Provided records Block Start

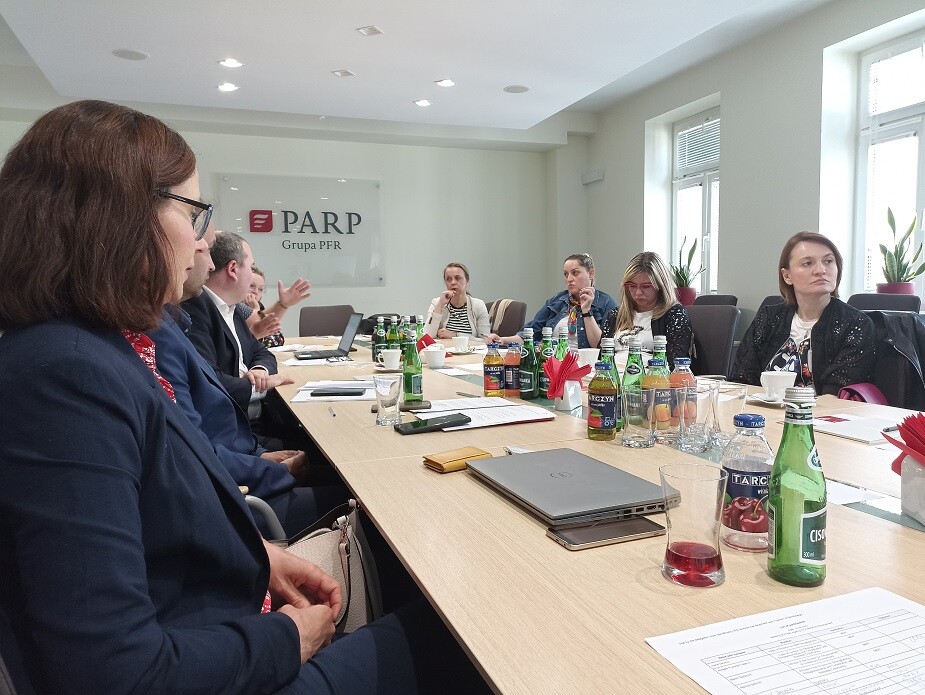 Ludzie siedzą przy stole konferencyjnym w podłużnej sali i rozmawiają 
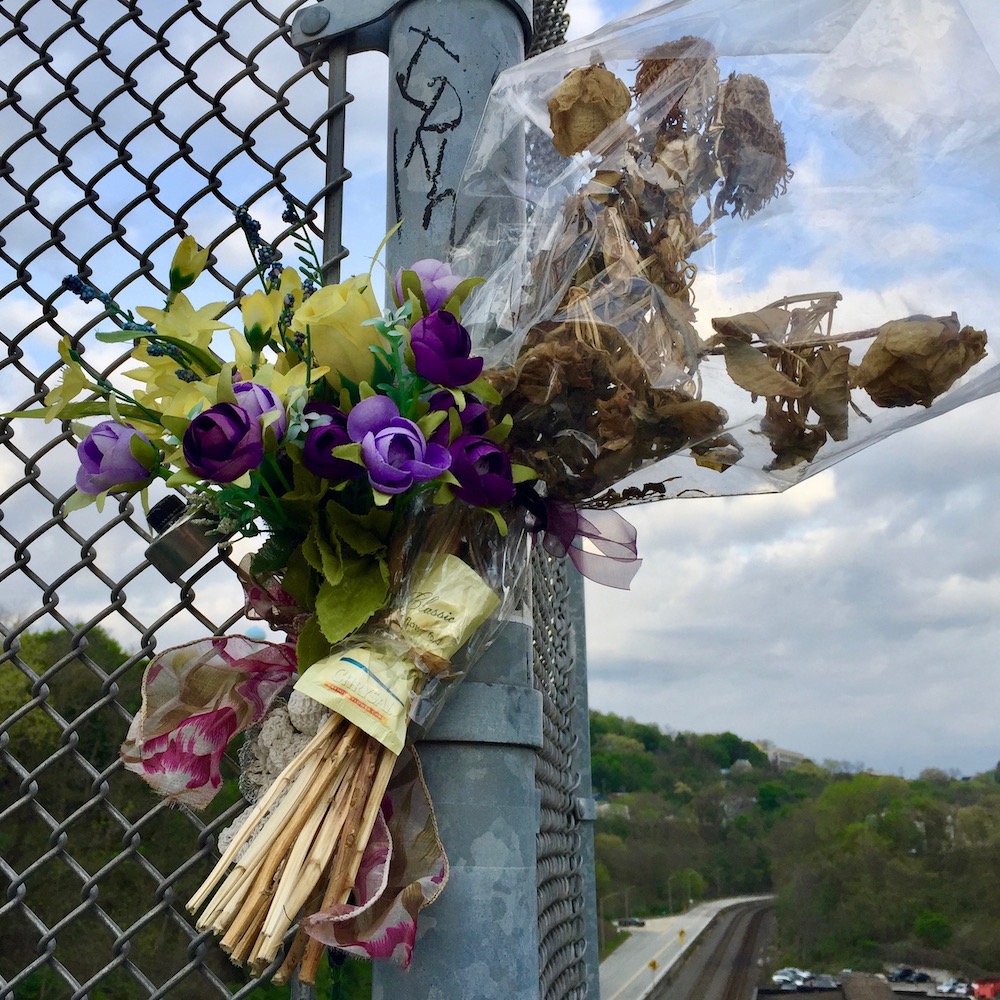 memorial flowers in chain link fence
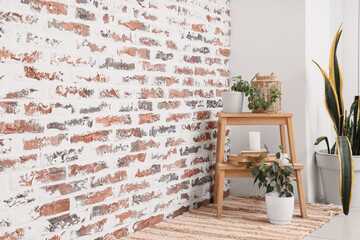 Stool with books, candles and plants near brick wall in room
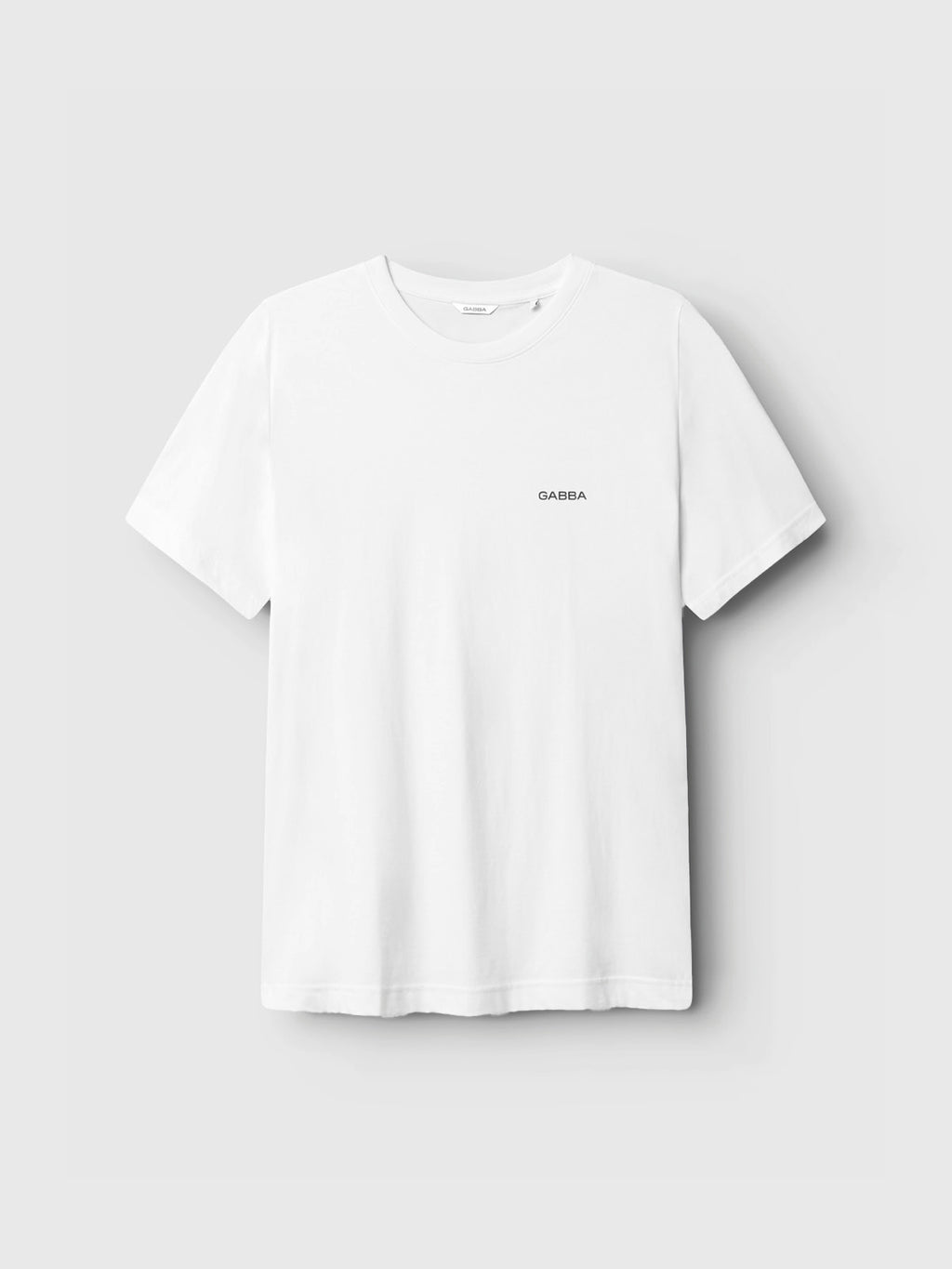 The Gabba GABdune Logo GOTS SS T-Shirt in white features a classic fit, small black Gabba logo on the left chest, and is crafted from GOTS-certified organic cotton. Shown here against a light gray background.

Provided records Block End
Provided records Block Start

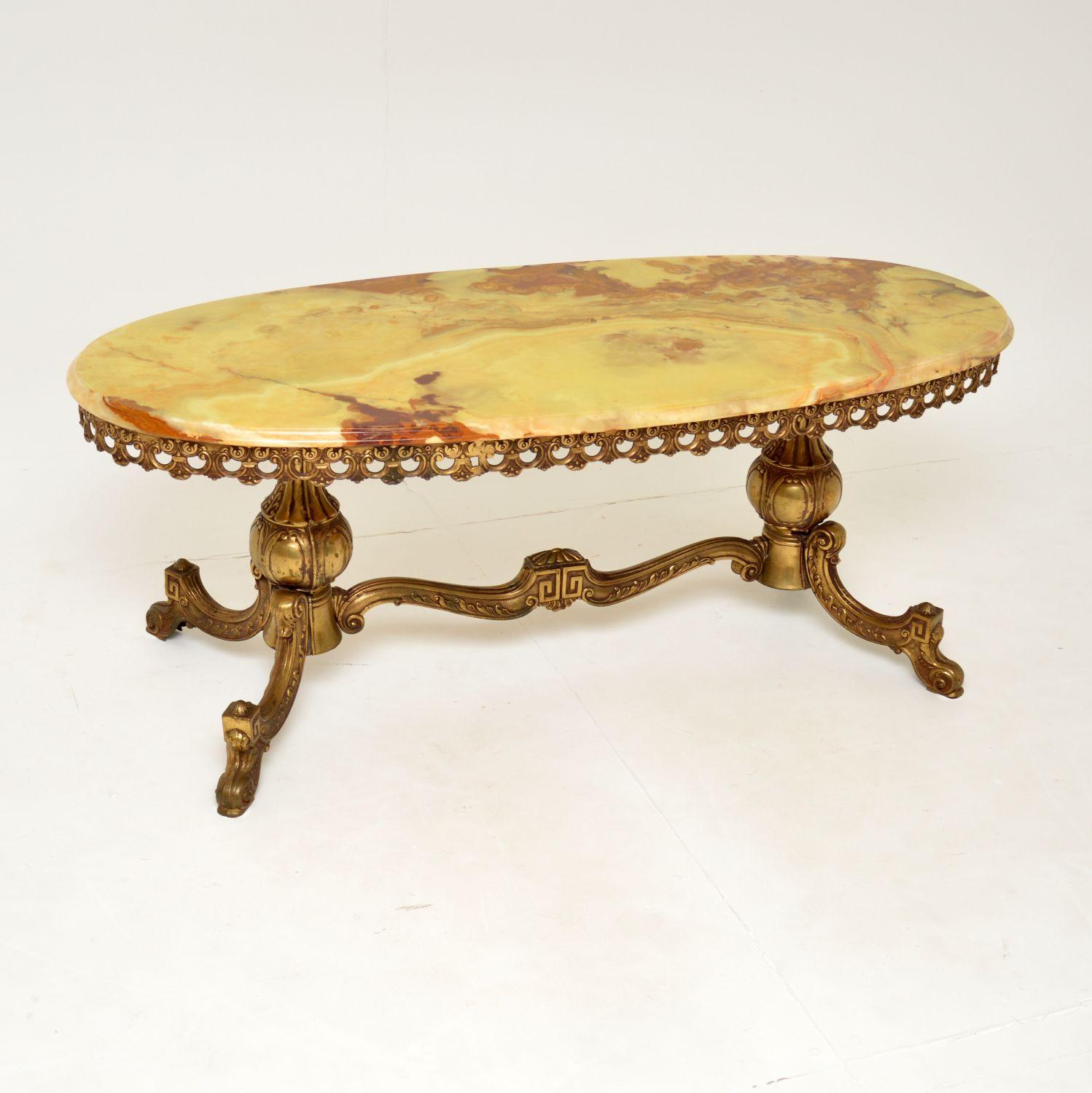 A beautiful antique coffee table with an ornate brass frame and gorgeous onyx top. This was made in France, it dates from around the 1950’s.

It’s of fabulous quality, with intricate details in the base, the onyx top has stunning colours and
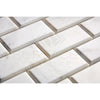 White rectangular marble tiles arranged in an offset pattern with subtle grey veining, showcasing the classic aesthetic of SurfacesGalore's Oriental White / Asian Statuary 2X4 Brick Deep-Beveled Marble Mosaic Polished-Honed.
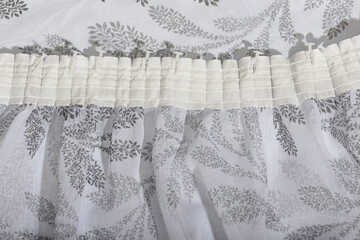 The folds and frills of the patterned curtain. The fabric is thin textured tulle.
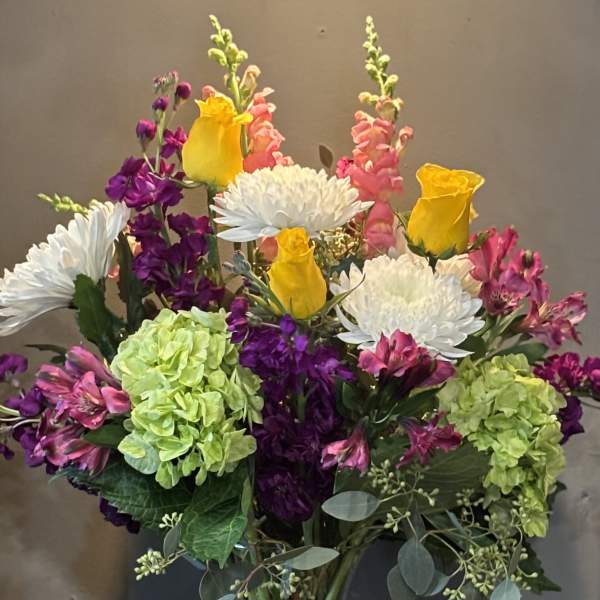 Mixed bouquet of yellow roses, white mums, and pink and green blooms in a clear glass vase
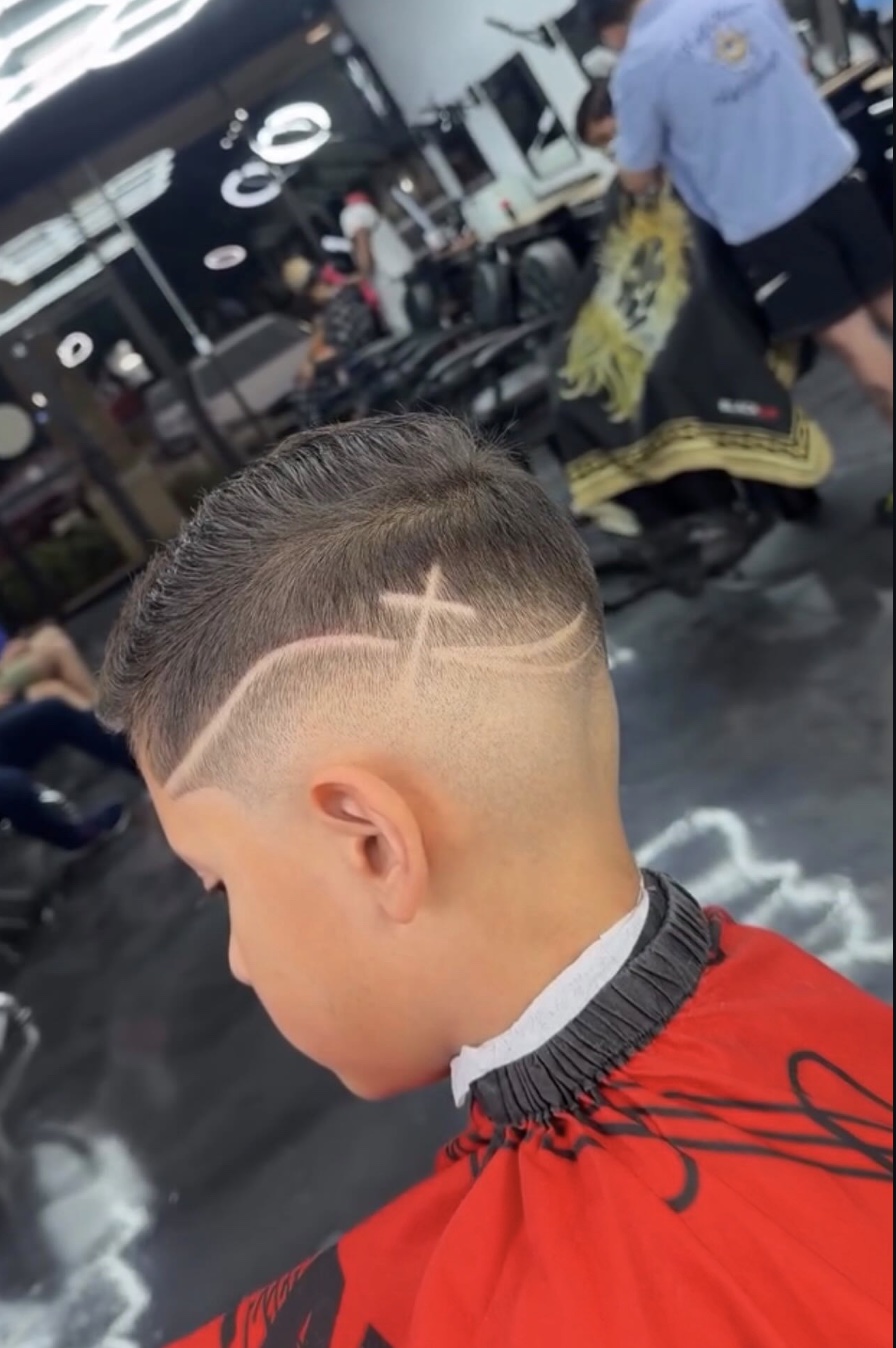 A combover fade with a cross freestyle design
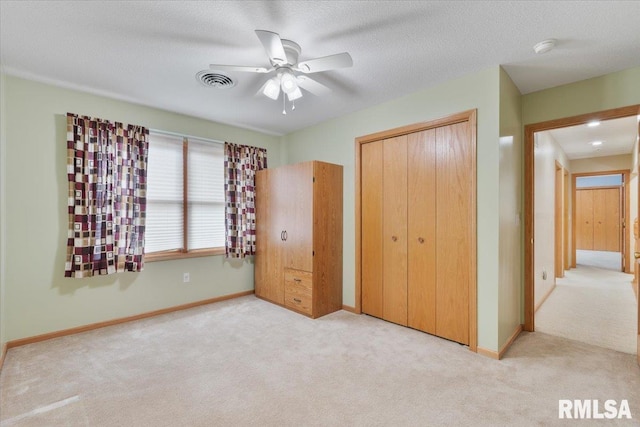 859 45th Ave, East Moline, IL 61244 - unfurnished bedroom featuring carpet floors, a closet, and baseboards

Provided records Block End

**Work instruction:** Taking the entries above, extract every line from the one bearing "White rectangular marble" through the one bearing "859 45th Ave, East", exactly, with no pictures.

**Answer box:**
 White rectangular marble tiles arranged in an offset pattern with subtle grey veining, showcasing the classic aesthetic of SurfacesGalore's Oriental White / Asian Statuary 2X4 Brick Deep-Beveled Marble Mosaic Polished-Honed.
 The folds and frills of the patterned curtain. The fabric is thin textured tulle.
 Mixed bouquet of yellow roses, white mums, and pink and green blooms in a clear glass vase
 A combover fade with a cross freestyle design
 859 45th Ave, East Moline, IL 61244 - unfurnished bedroom featuring carpet floors, a closet, and baseboards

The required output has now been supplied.